Le Département de la justice américain multiplie les pressions pour repousser la décision de la Cour d’appel de New York, chargée de se prononcer sur la recevabilité de la plainte déposée par des victimes vietnamiennes de l’« agent orange ». Avec pour objectif d’éliminer les juges supposés plus favorables aux plaignants, proches de la limite des 14 ans de mandat. Car si les Etats-Unis et leurs entreprises devaient un jour avoir à rendre compte des conséquences humanitaires et écologiques de leurs actes militaires – dans ce cas, un crime de guerre de masse, voire un crime contre l’humanité – la notion même d’impunité de l’impérialisme volerait en éclats.

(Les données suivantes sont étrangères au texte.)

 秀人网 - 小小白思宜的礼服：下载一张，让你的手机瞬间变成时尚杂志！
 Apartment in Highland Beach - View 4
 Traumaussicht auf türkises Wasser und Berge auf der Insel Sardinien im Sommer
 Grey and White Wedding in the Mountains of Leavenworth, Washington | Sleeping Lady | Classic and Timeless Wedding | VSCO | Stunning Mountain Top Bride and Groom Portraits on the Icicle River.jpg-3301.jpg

Utilisé au plus fort de la guerre américaine au Viêt-nam de 1962 à 1971, l’agent orange est un herbicide dont l’un des sous-produits est la dioxine (TCDD). Son nom provient de la bande de couleur qui permettait de distinguer ses bidons d’autres herbicides et défoliants. En épandant ces produits, l’armée US cherchait à détruire le couvert végétal le long des axes de circulation et de navigation et sur les bords de mer, afin de mieux les surveiller. Cela permettait aussi de dégager le périmètre des installations militaires et d’éclaircir les forêts de l’intérieur pour qu’apparaissent camps et caches nord-vietnamiens dissimulés sous le couvert. Accessoirement, 14% des missions de cette guerre chimique servirent à anéantir les cultures dans les zones tenues par le Viêt-công.

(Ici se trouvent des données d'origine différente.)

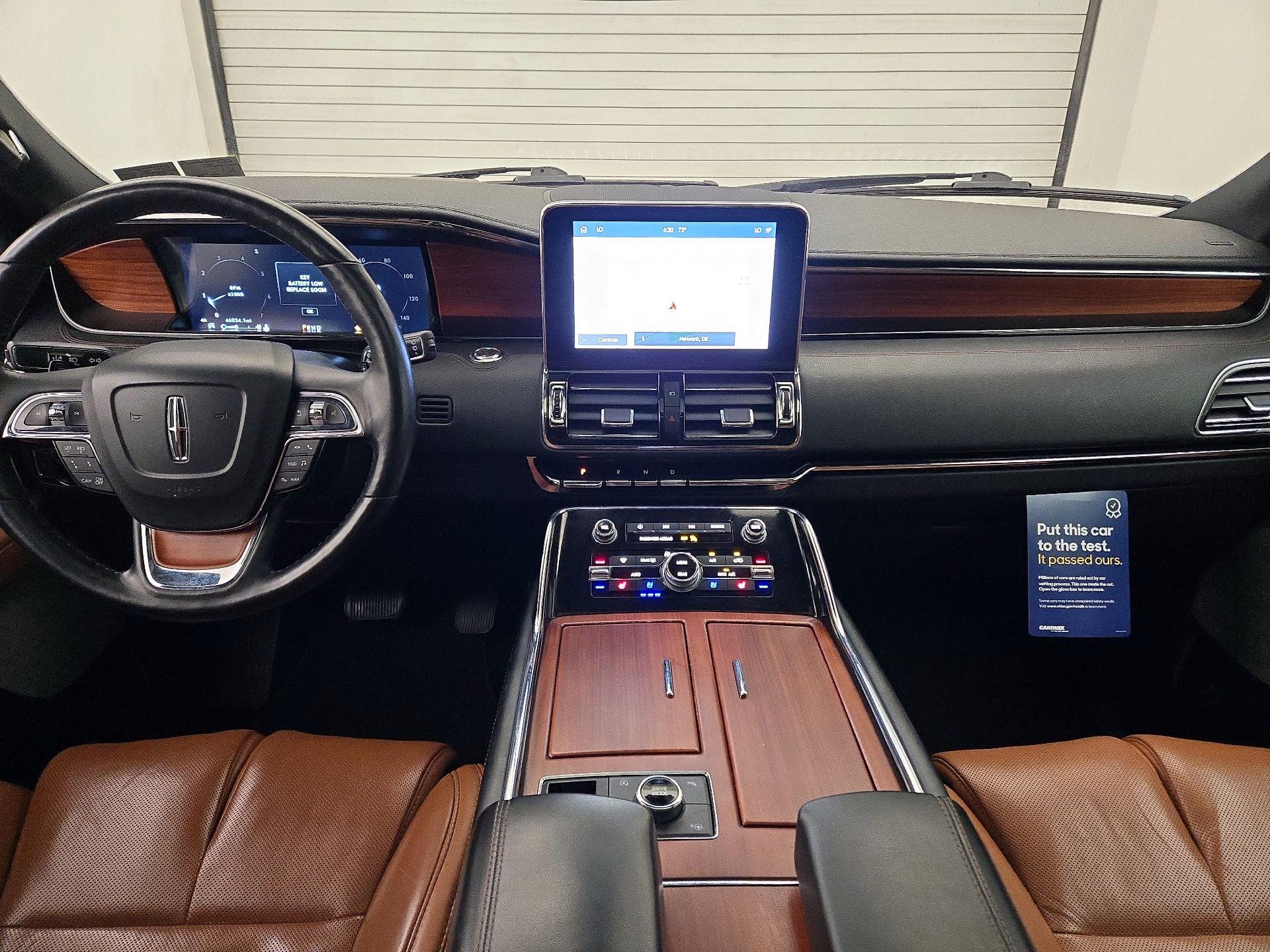 Thumbnail: 2020 Lincoln Navigator L - 9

Or la dioxine est un produit toxique à des doses infinitésimales. L’Organisation mondiale de la santé en a fixé la dose journalière tolérable à 10 picogrammes par kilogramme de poids corporel (1 picogramme = 1 gramme divisé par un million de millions, autrement dit 10-12). Et l’armée américaine a déversé un total de 77 millions de litres d’herbicides, correspondant à environ 386 kg de dioxine sur le Vietnam. Parmi les fabricants de ces produits, on ne s’étonnera pas de trouver Dow Chemical – responsable de la catastrophe de Bophal en Inde en 1984 – et Monsanto, actuel leader de la production d’OGM.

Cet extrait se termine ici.